5. Baselines and Comparative Results
SceneParser-Bench provides a rigorous evaluation of multiple baselines:
| Method | L1 F1 | L2 F1 | L3 F1 | ParseRate |
|---|---|---|---|---|
| MLLMs (closed/open-source) | ~15–35% | <7% | <3% | <25% |
| Perception-stitching | ~37% | ~22.4% | ~0% | ~15% |
| SceneParser (main model) | ~54.6% | ~37.5% | ~26.3% | ~53.2% |
Experiments indicate that while multimodal LLMs and perception-stitching baselines perform adequately at object-level (L1), they deteriorate sharply in part and affordance structure completion (L2, L3) and ParseRate. SceneParser’s unified hierarchical decoding yields a +15–20 pp gain in F1 at L2/L3 relative to stitching, and triples ParseRate, demonstrating improved cross-level binding.
Ablation studies highlight the importance of explicit hierarchy, structural pseudo labels, and curriculum learning:
- Nested vs. Flat Triplets: Nested hierarchies yield L3 F1 of 29.3% over 17.8% for flat triplet output (editor’s term).
- Affordance Context: Adding object and part context to point grounding increases F1 from 40.6% to 42.8%.
- Curriculum Learning: Curriculum improves ParseRate to 43.2% versus 40.5% (always pseudo), or 39.6% (no pseudo).
6. Transferability and Downstream Evaluation
SceneParser-Bench facilitates evaluation on both classic and novel tasks:
- COCO Object Detection: SceneParser achieves F1@IoU 0.5 of 66.8%, competitive with standard detectors (e.g., DINO-R50 at ∼68.8%).

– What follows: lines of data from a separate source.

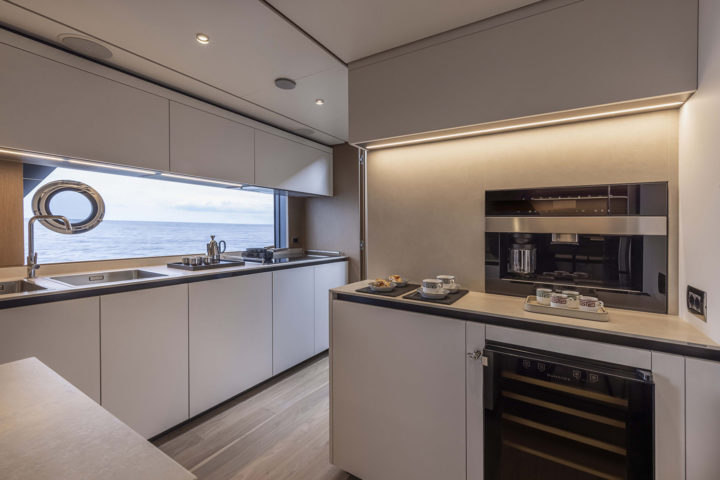 Ferretti_Yachts-1000-Interior-Kitchen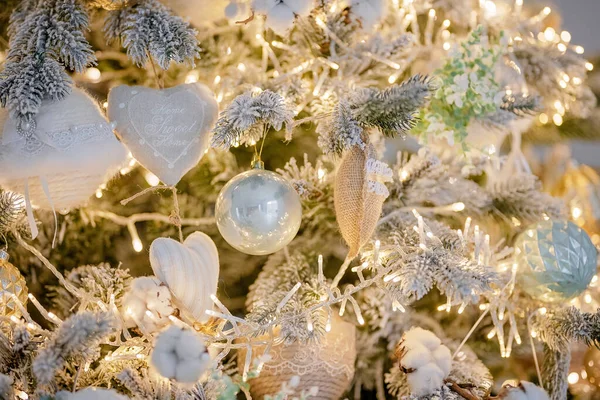 Árvore Natal Festivamente Decorada Com Bolas — Fotografia de Stock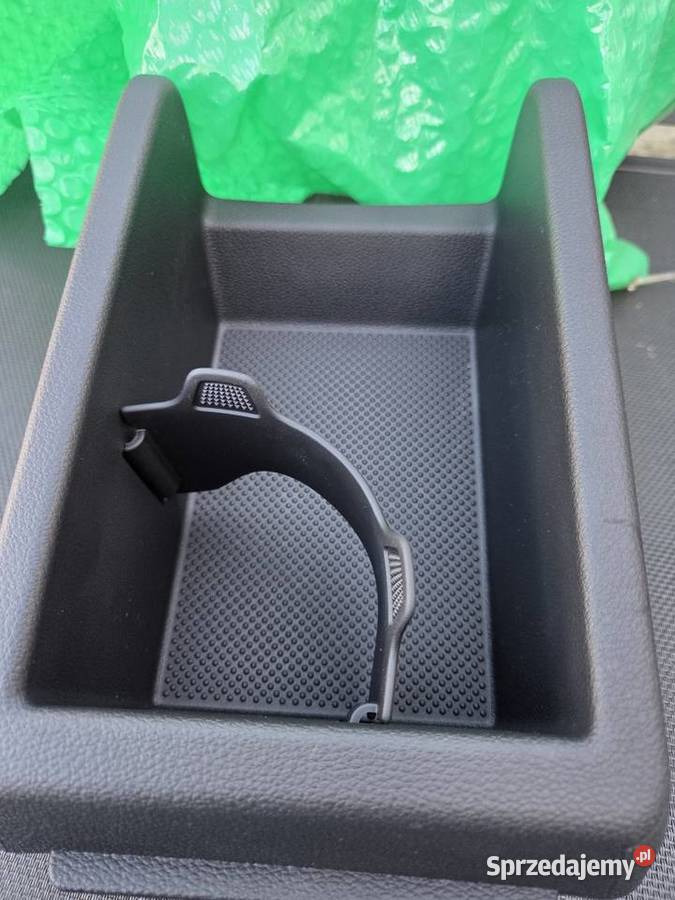 Schowek wewnętrzny Fabia IV 6VE8640519B9 Wolin sprzedam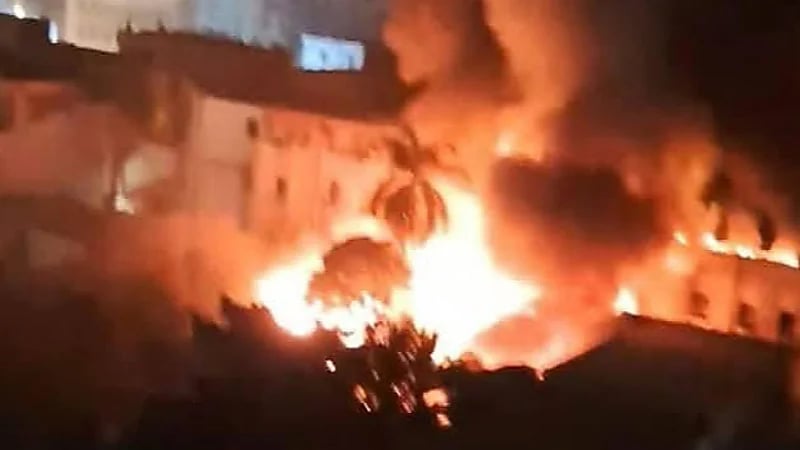 ‎إندلاع حريق هائل في مبنى المعامل المركزية لوزارة الصحة المصرية.. صور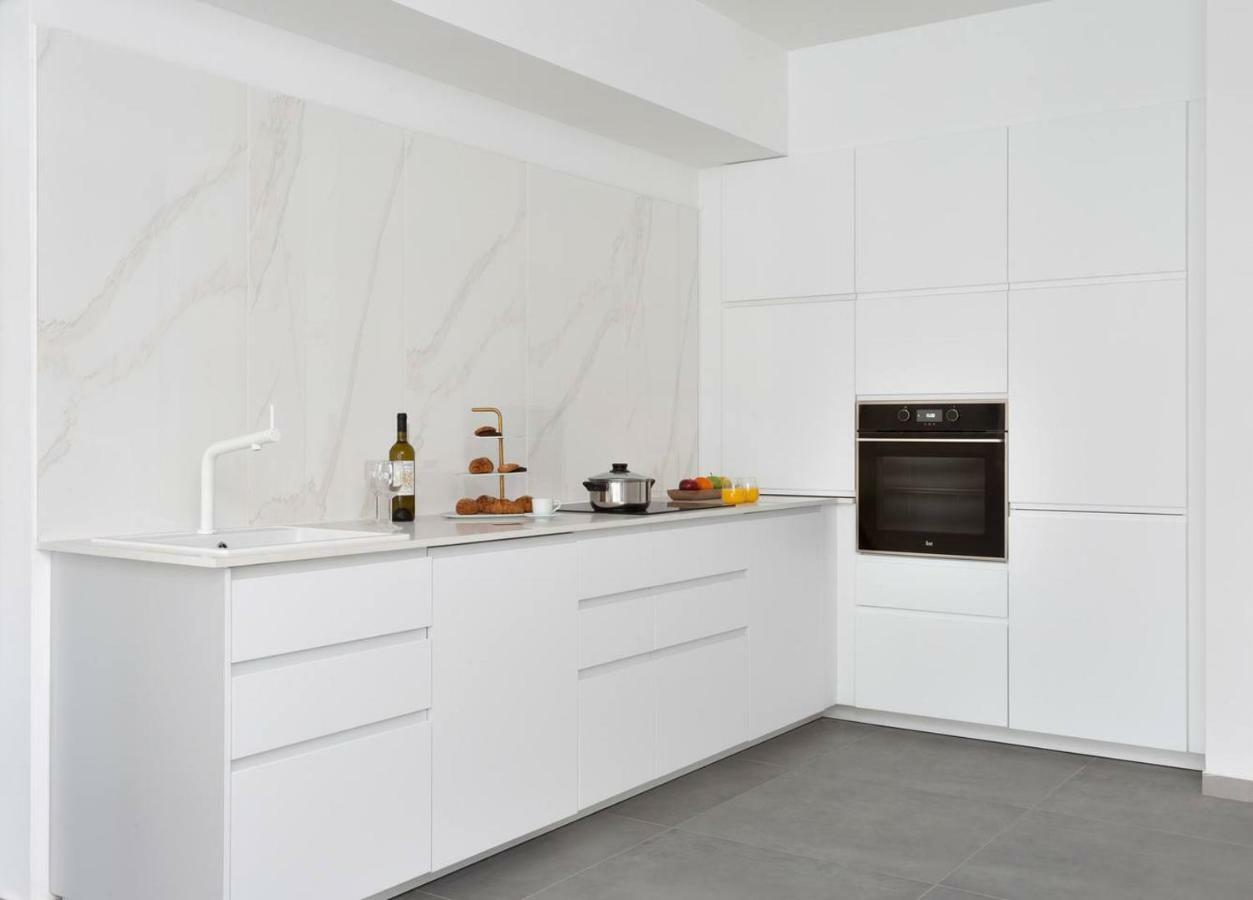 Spacious 3Br Penthouse With Jacuzzi On Rosthchild By Holyguest Tel Aviv Luaran gambar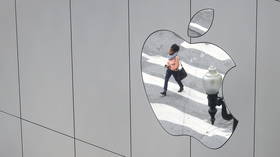 Apple’s market value about to top world’s 5th largest economy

- AGD20K Affordance Grounding: SceneParser yields point-in-mask accuracy of 87.7% on seen and 82.8% on unseen objects, outperforming prior affordance models (e.g., Affordance-R1 at 60.8% and 57.5%).
- Downstream Planning Probe: Parsing with SceneParser hierarchies enables explicit multi-step action chains (e.g., “drawer→handle→pull”), providing a decision-ready interface for interaction-oriented reasoning, as opposed to the incomplete, ambiguous localizations from task-only prompts.
This suggests that unified hierarchical scene parsing provides a robust substrate for higher-level visual reasoning and task planning.
7. Context and Significance in Structured Scene Understanding
SceneParser-Bench addresses critical gaps in visual semantics understanding where isolated object or part predictions fail to capture interaction-oriented relationships. Its structured, cross-level evaluation paradigm encourages models to produce representations that are both semantically and structurally actionable, rather than disconnected lists of visual elements. With its explicit emphasis on hierarchy, progressive curriculum, and completeness metrics, SceneParser-Bench represents a foundational resource for the development and assessment of unified visual perception systems, supporting both low-level recognition and high-level, task-driven reasoning (Xu et al., 14 May 2026).